→ **Work item**: Please copy the data exactly as it stands, minus the images.

====

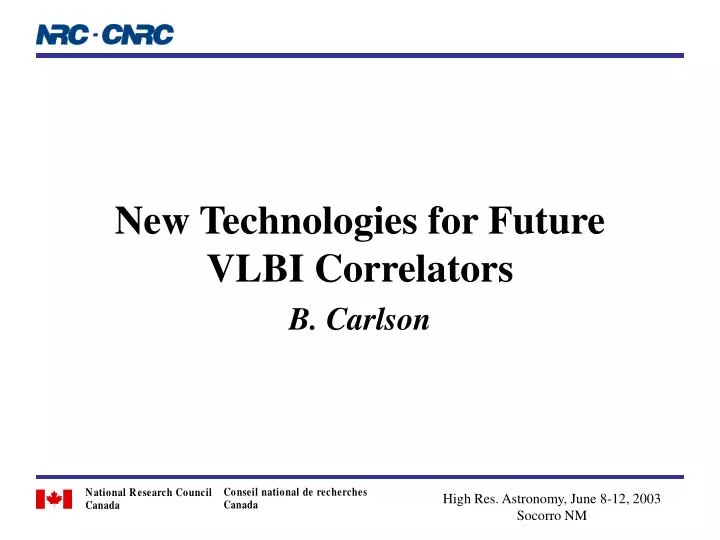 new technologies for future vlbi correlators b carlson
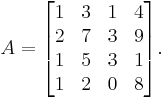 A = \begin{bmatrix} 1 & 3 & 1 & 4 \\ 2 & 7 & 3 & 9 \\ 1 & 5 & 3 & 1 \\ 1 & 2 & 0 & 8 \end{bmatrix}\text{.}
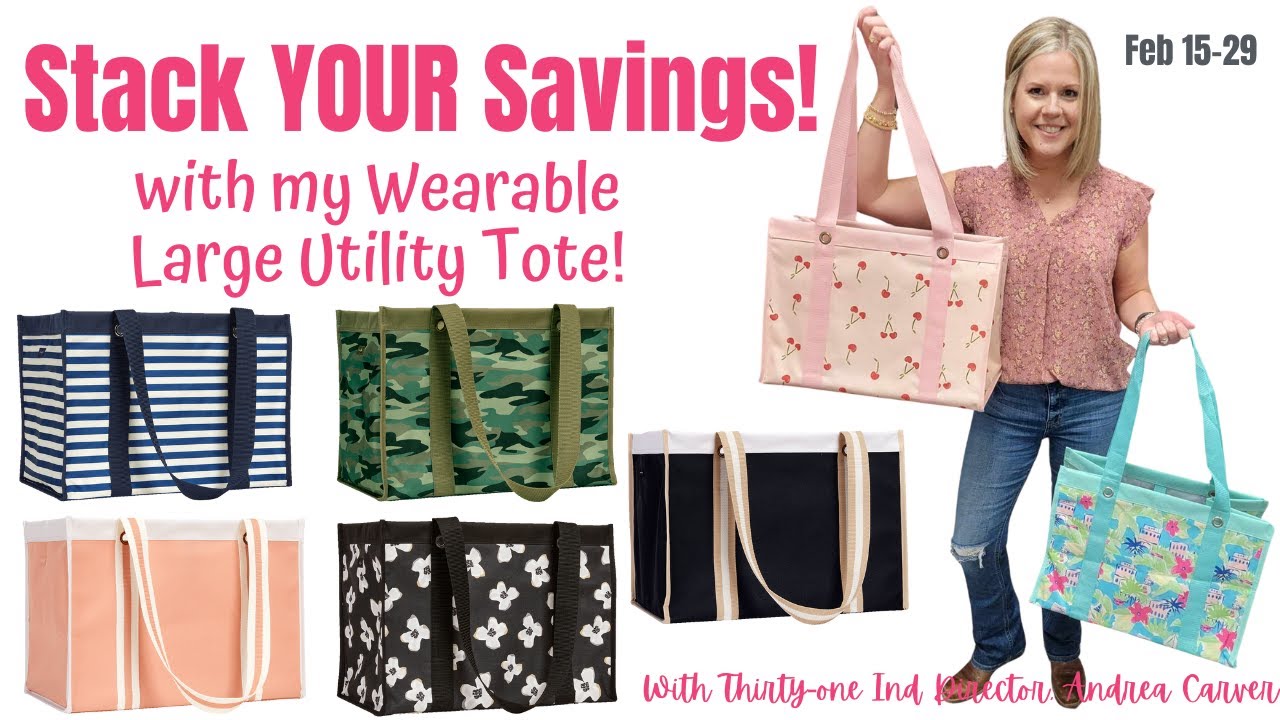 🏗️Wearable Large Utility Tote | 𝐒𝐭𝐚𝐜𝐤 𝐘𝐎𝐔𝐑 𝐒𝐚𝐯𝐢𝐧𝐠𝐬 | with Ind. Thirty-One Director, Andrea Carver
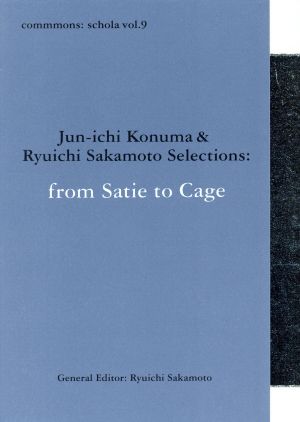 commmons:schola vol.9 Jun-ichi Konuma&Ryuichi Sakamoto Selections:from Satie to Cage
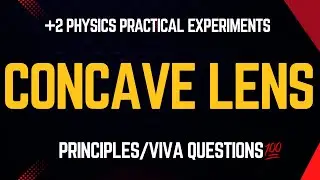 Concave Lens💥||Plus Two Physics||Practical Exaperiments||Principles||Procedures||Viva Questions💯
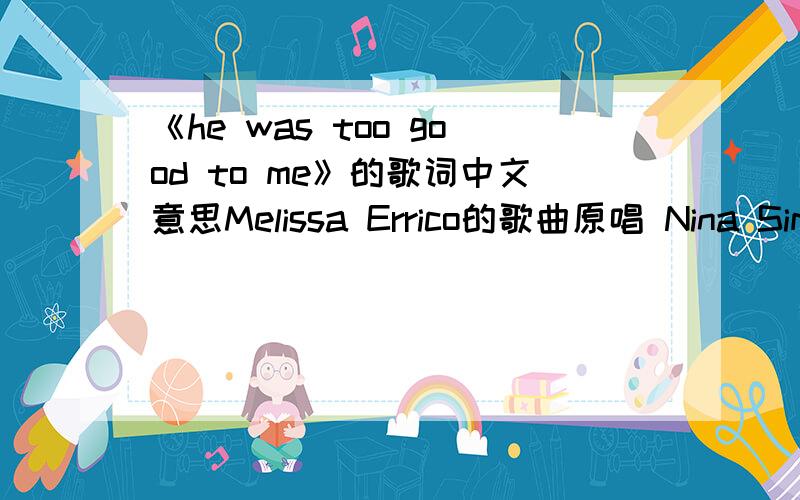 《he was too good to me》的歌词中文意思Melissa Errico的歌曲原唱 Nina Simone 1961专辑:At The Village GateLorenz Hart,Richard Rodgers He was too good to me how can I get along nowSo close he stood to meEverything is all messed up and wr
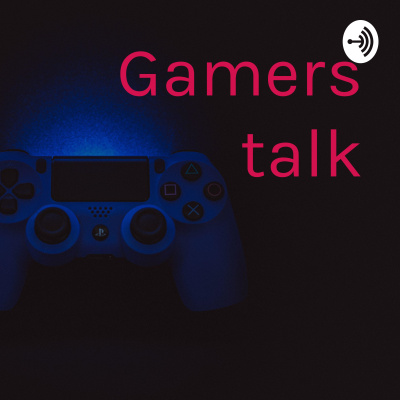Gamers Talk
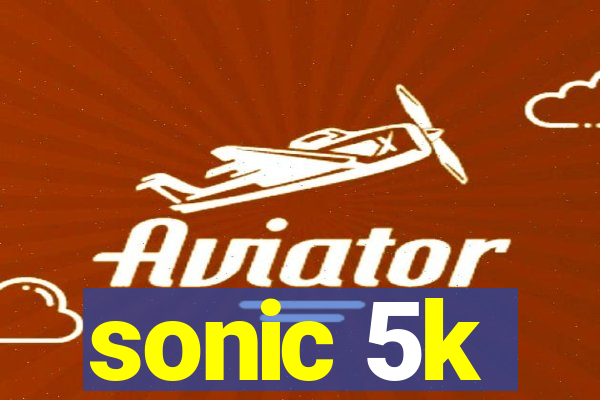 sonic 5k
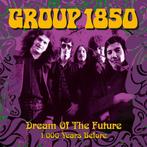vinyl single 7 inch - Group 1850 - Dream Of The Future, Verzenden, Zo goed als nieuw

====

→ **Solution to the problem**:
 new technologies for future vlbi correlators b carlson
 A = \begin{bmatrix} 1 & 3 & 1 & 4 \\ 2 & 7 & 3 & 9 \\ 1 & 5 & 3 & 1 \\ 1 & 2 & 0 & 8 \end{bmatrix}\text{.}
 🏗️Wearable Large Utility Tote | 𝐒𝐭𝐚𝐜𝐤 𝐘𝐎𝐔𝐑 𝐒𝐚𝐯𝐢𝐧𝐠𝐬 | with Ind. Thirty-One Director, Andrea Carver
 commmons:schola vol.9 Jun-ichi Konuma&Ryuichi Sakamoto Selections:from Satie to Cage
 Concave Lens💥||Plus Two Physics||Practical Exaperiments||Principles||Procedures||Viva Questions💯
 《he was too good to me》的歌词中文意思Melissa Errico的歌曲原唱 Nina Simone 1961专辑:At The Village GateLorenz Hart,Richard Rodgers He was too good to me how can I get along nowSo close he stood to meEverything is all messed up and wr
Gamers Talk
 sonic 5k
vinyl single 7 inch - Group 1850 - Dream Of The Future, Verzenden, Zo goed als nieuw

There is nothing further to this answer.